A Comissão de Abastecimento e Distribuição do Sindicato das Empresas de Transportes de Carga de São Paulo e Região (SETCESP) mantém uma agenda voltada para temas que impactam diretamente a operação do transporte urbano de cargas. Entre as prioridades estão a adaptação às novas exigências regulatórias como o CIOT, a redução de gargalos nas entregas e a busca por maior eficiência na relação entre transportadores, embarcadores e recebedores. O coordenador da comissão, Marinaldo Barbosa, detalhou os principais desafios acompanhados pelo grupo e destacou que as discussões vão além das demandas do setor, alcançando também questões ligadas à mobilidade urbana.
Um dos temas que ganhou destaque nas reuniões recentes da comissão é a entrada em vigor da obrigatoriedade de emissão do Código Identificador da Operação de Transporte (CIOT) para operações de carga fracionada. Segundo Barbosa, a principal preocupação da entidade neste momento é orientar as empresas sobre as novas regras e garantir que os transportadores estejam preparados para cumprir a exigência regulatória.
A partir de 24 de junho, toda operação registrada por meio de Manifesto Eletrônico de Documentos Fiscais (MDF-e) deverá contar com emissão de CIOT. Embora as operações de carga fracionada não estejam sujeitas ao piso mínimo de frete durante a distribuição, a geração do código passa a ser obrigatória para permitir a fiscalização por parte da Agência Nacional de Transportes Terrestres (ANTT).
De acordo com o coordenador, o trabalho da comissão tem sido concentrado na disseminação de informações e esclarecimentos aos associados, especialmente após a publicação das regras definitivas.
A pauta regulatória faz parte de um conjunto de ações conduzidas pela diretoria, que também acompanha restrições de circulação, mudanças legislativas e discussões com prefeituras da Região Metropolitana de São Paulo para buscar maior padronização das normas aplicadas ao transporte urbano de cargas.

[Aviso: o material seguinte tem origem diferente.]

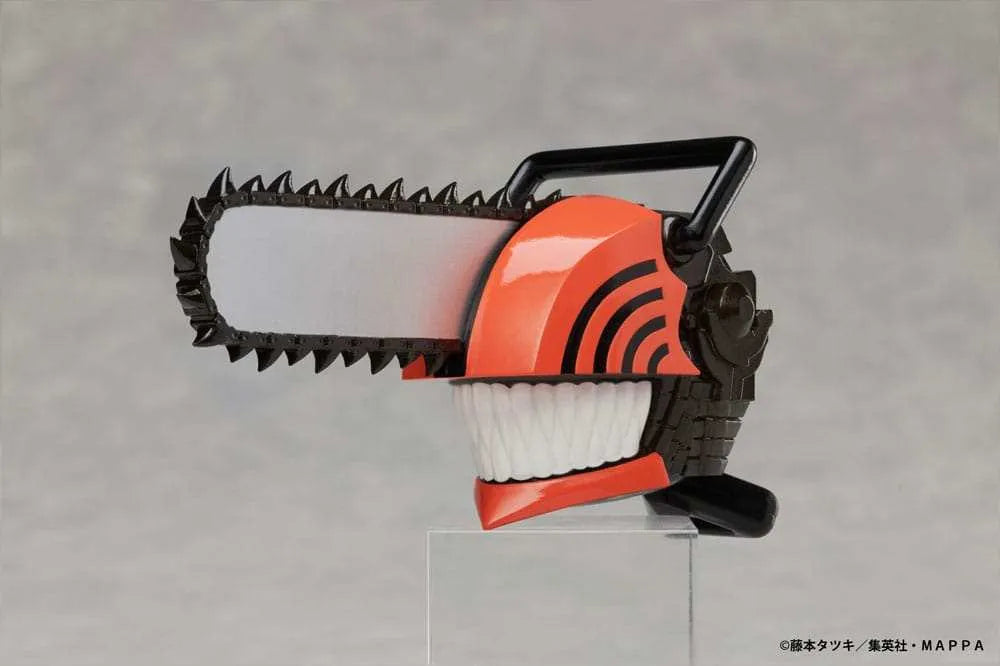 Chainsaw Man Sound Gimmick Figur Chainsaw Man 13 cm - Smalltinytoystore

Tempo de descarga continua sendo um dos principais indicadores do setor
Outro eixo estratégico da comissão é o Índice de Eficiência no Recebimento (IER), estudo realizado anualmente pelo Instituto Paulista do Transporte de Cargas (IPTC), braço técnico do SETCESP. A pesquisa avalia a infraestrutura e os processos de recebimento em supermercados, magazines, home centers e centros de distribuição. Além disso, considera o tempo médio de permanência dos veículos durante as operações de descarga.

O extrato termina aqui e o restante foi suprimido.